• _Exercise_
A picture should never appear in your copy. Transcribe the listing exactly from its first line through the line with "Pochette À Accessoires", both ends included.

• _Study material_

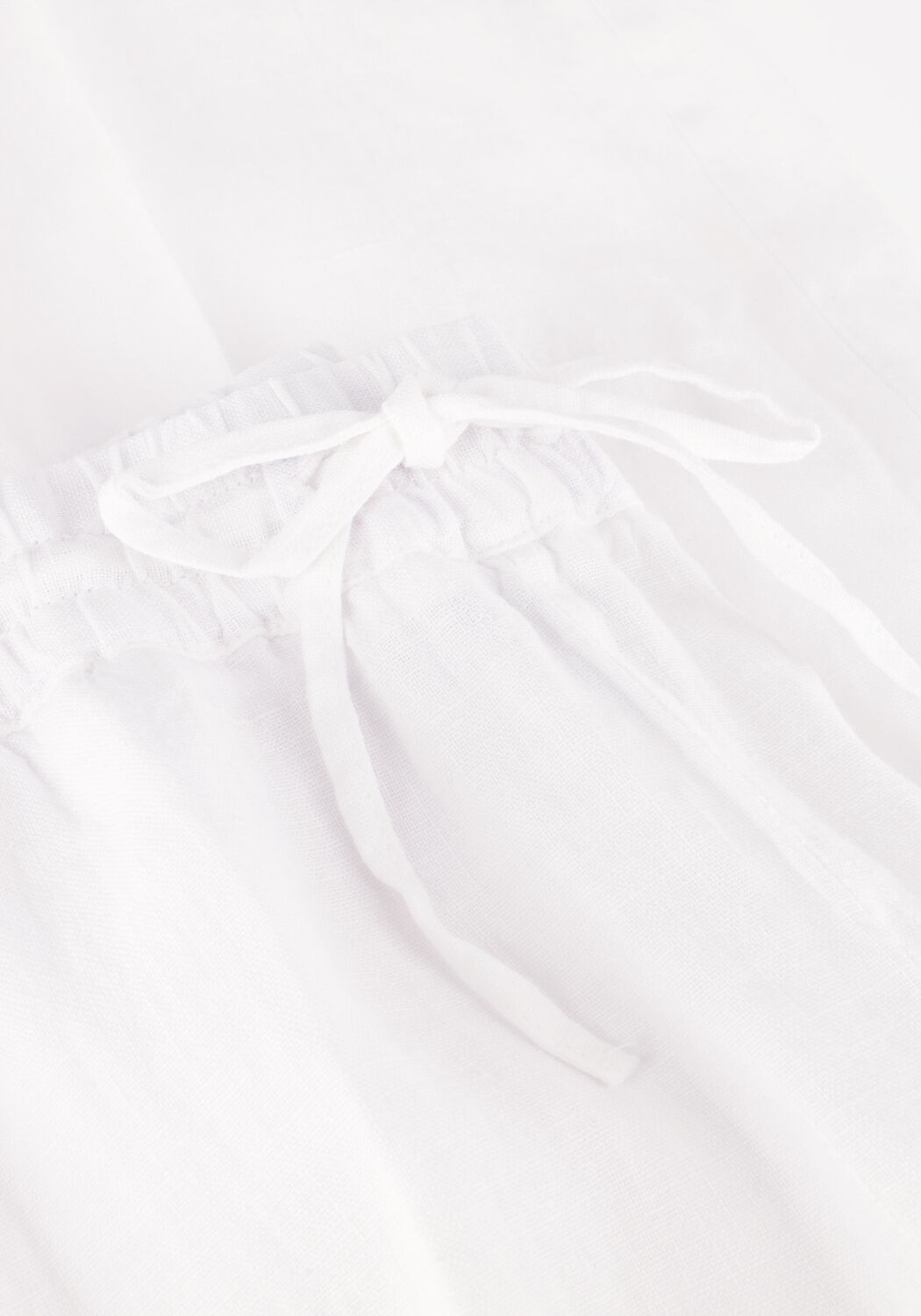 Wei&szlig;e PENN & INK Hose TROUSERS S25Z716 - large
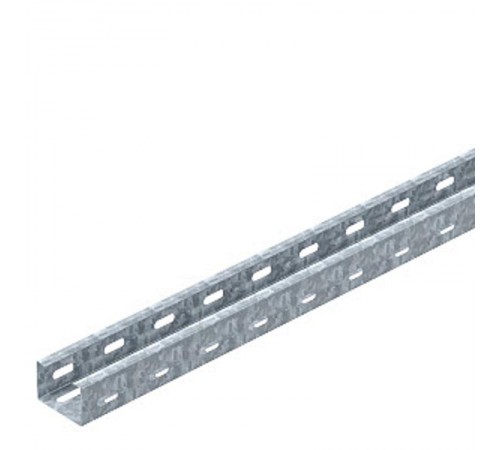 Кабельный листовой лоток перфорированный 35x50x3000 мм (RKS 305 FT)  6047412  OBO Bettermann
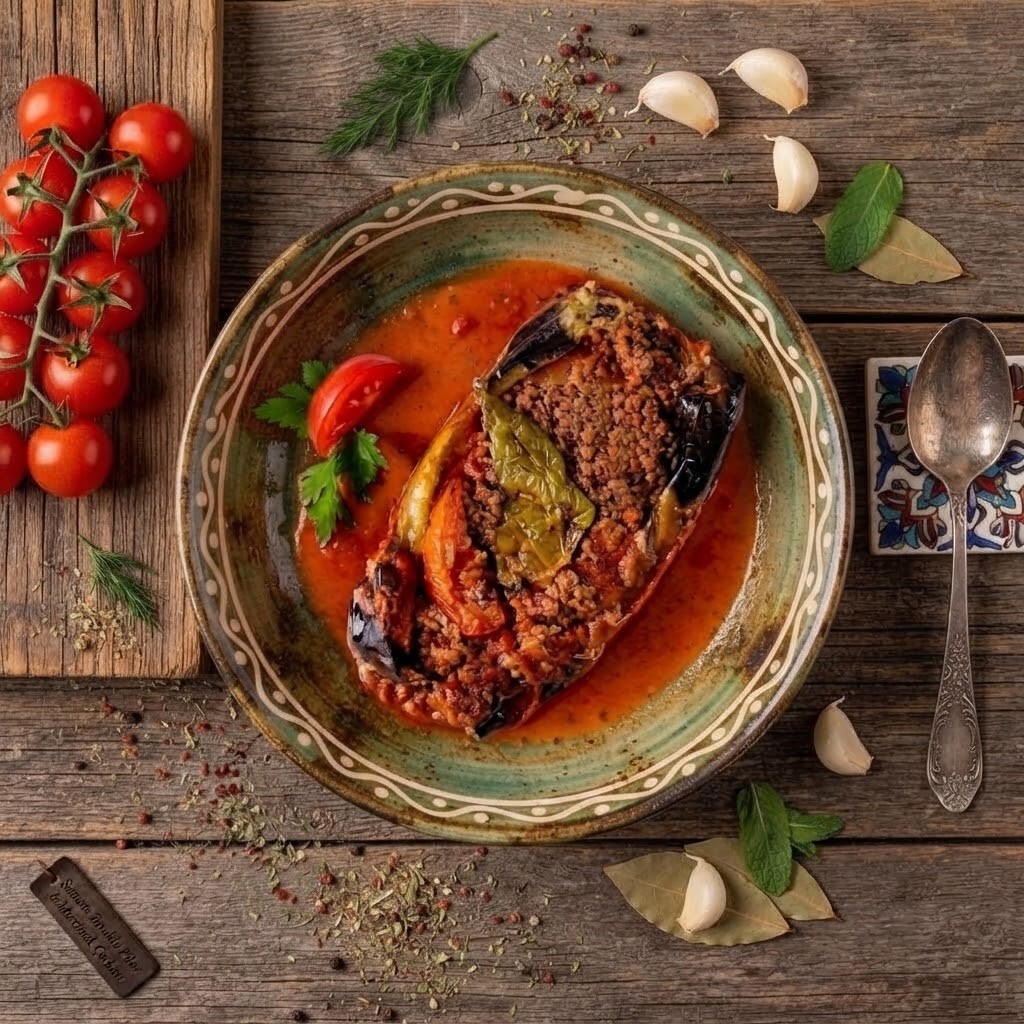 Karnıyarık (250 Gr)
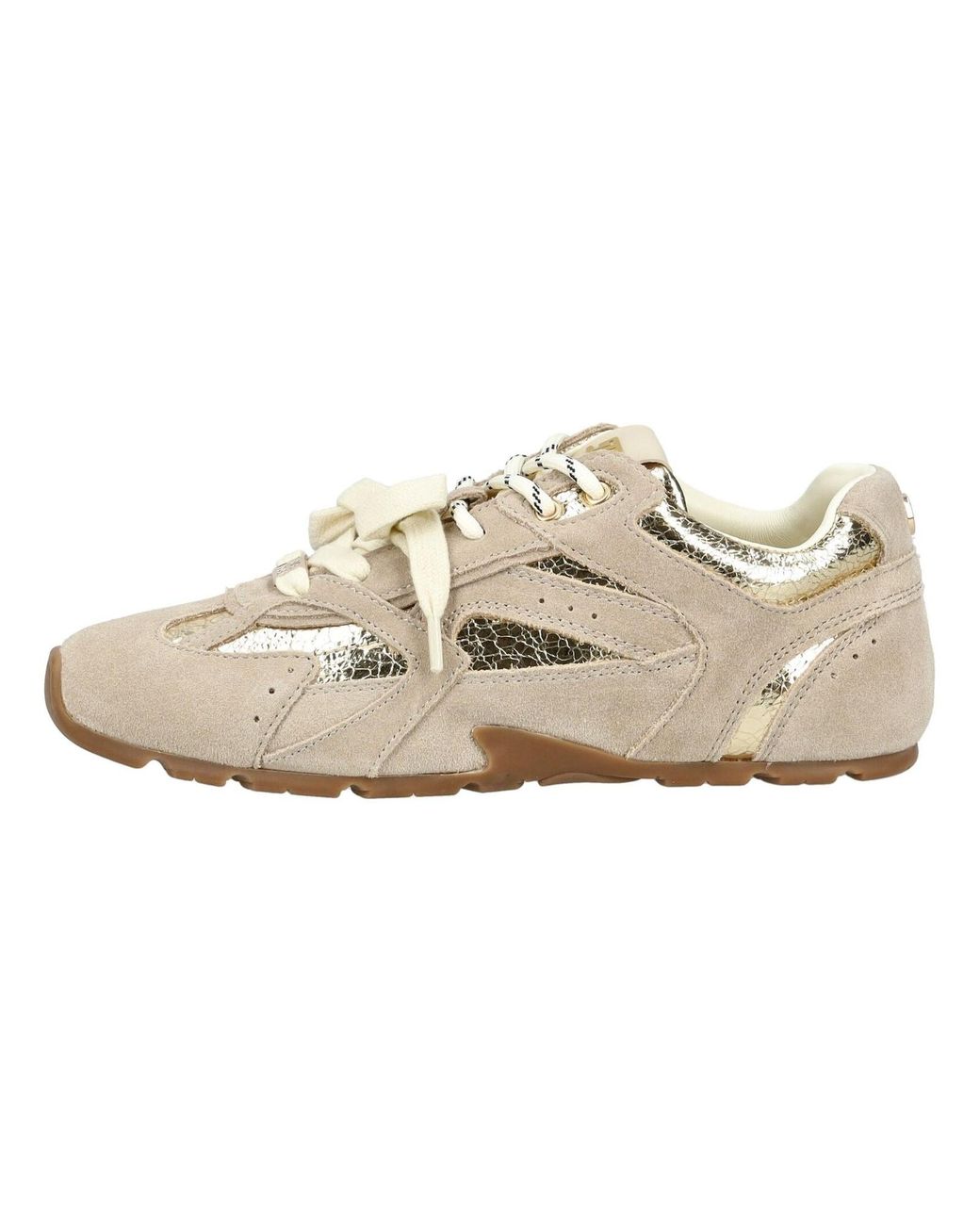 Steve Madden Natural Sneaker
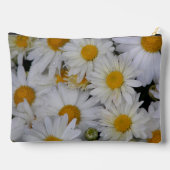 Pochette À Accessoires Fleur de marguerites baisées (Verso)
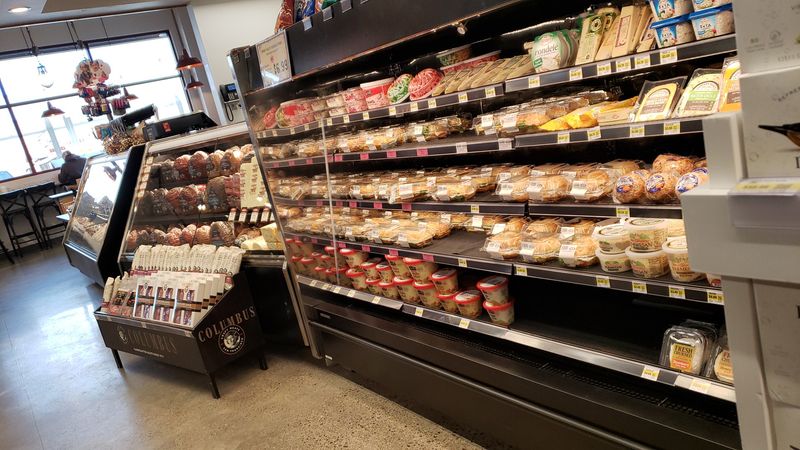 Made-To-Order Sandwiches Turn A Grocery Run Into A Meal Plan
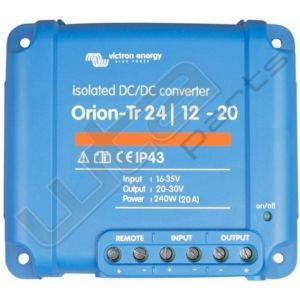 Victron Orion-Tr 24/12-20A (240W) Isolated DC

• _Response_
 Wei&szlig;e PENN & INK Hose TROUSERS S25Z716 - large
 Кабельный листовой лоток перфорированный 35x50x3000 мм (RKS 305 FT)  6047412  OBO Bettermann
 Karnıyarık (250 Gr)
 Steve Madden Natural Sneaker
 Pochette À Accessoires Fleur de marguerites baisées (Verso)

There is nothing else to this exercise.